Rep. Ryan Pushes Ominous “Roadmap for America’s Future“

In an apparent attempt to gain some semblance of support for the only definitive and substantive Republican budget plan

In an apparent attempt to gain some semblance of support for the only definitive and substantive Republican budget plan, Rep. Paul Ryan (R-Wisconsin) has turned to a series of think-tank presentations for backing in the absence of support from his Congressional peers.

Introduced by Ryan in January and formally known as the Roadmap for America’s Future Act of 2010, the proposal would make comprehensive changes to the Social Security program, federal involvement in health care, Medicare, Medicaid, federal spending and the tax system, primarily by extending tax cuts and privatizing or scaling back entitlement programs.

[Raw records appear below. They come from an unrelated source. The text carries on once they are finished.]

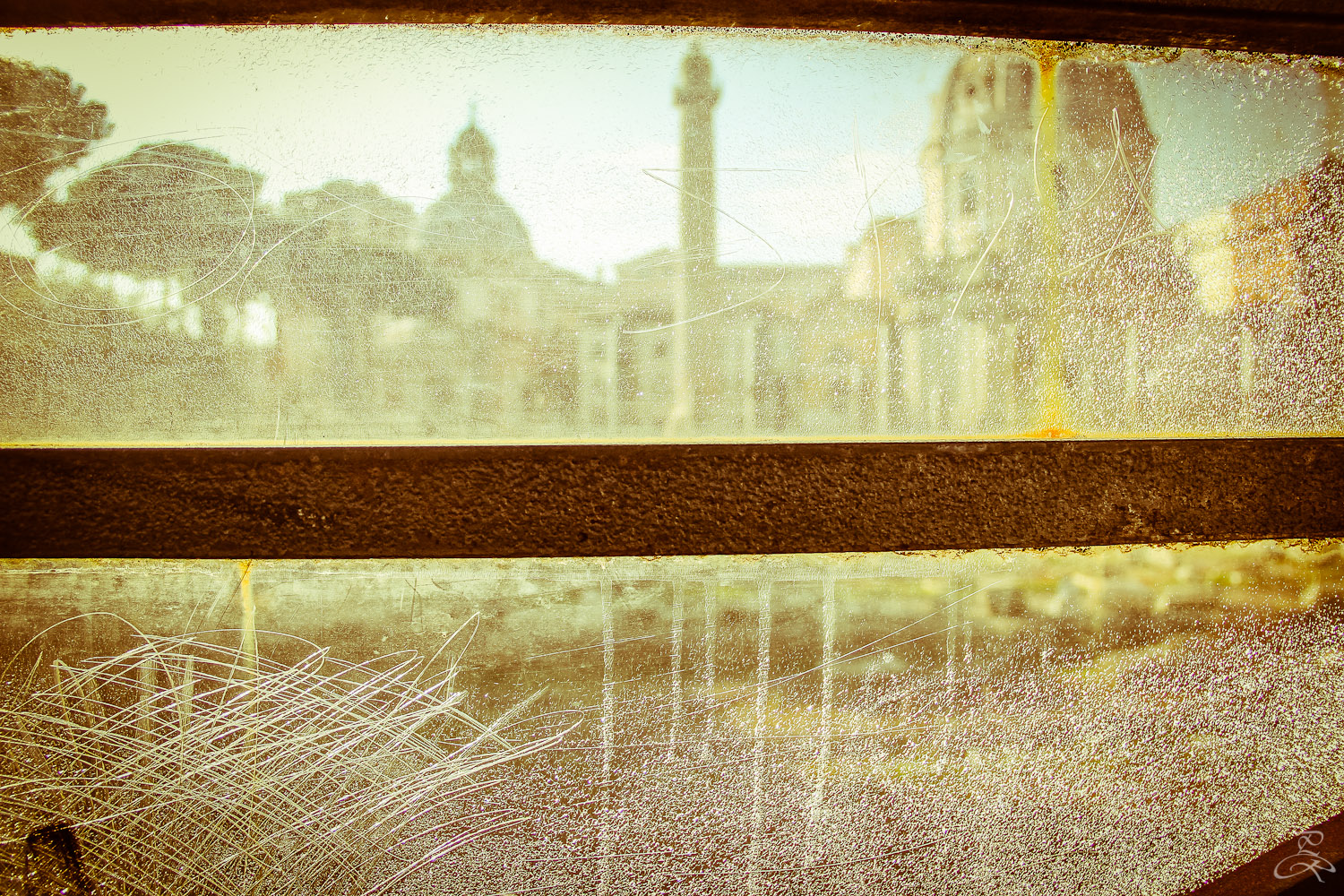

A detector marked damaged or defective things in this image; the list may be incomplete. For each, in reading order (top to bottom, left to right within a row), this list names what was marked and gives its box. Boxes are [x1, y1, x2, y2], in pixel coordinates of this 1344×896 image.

rusty metal bar [7, 0, 1344, 56]
rusty metal bar [0, 437, 1340, 556]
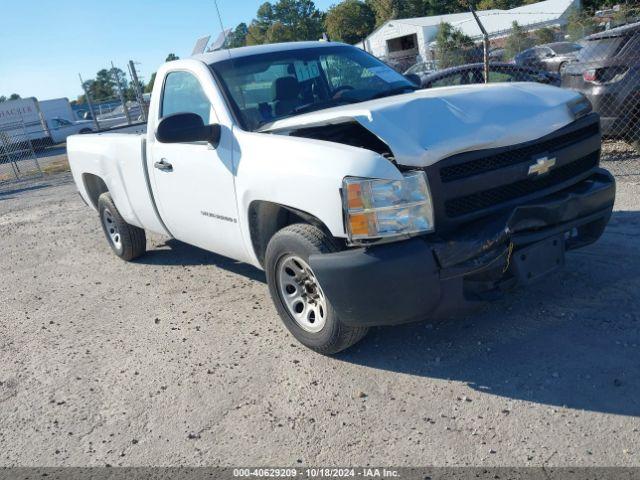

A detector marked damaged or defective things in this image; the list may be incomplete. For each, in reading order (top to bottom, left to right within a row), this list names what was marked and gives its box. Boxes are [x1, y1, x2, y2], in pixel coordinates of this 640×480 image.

crumpled hood [262, 84, 584, 169]
torn bumper cover [308, 171, 616, 328]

Specifically, the “Roadmap” would reduce income tax rates on high-income households, including those earning above $633,000, while raising taxes on a significant portion of middle-class families. It would also eliminate income taxes on capital gains, dividends and interest, while abolishing the corporate income tax, the estate tax and the alternative minimum tax. Ryan’s Roadmap would also privatize a substantial portion of Social Security, discontinue the Children’s Health Insurance Program and end traditional Medicare and Medicaid by replacing these programs with a voucher system that recipients would gradually be weaned off of and onto purchasing their own private health care which, according to Ryan, would provide “low income Americans with financial resources to buy their own health care coverage like everyone else.”

Ryan, currently serving his sixth term and the ranking Republican on the House Budget Committee, speaking July 21 to a sympathetic audience at the conservative think-tank, the American Enterprise Institute (AEI), said the Roadmap “isn’t a plan for austerity and pain” but rather “a prudent, temperate, achievable and modest plan for prosperity that fulfills our commitment to the mission of the retirement, health assistance and other safety net programs.”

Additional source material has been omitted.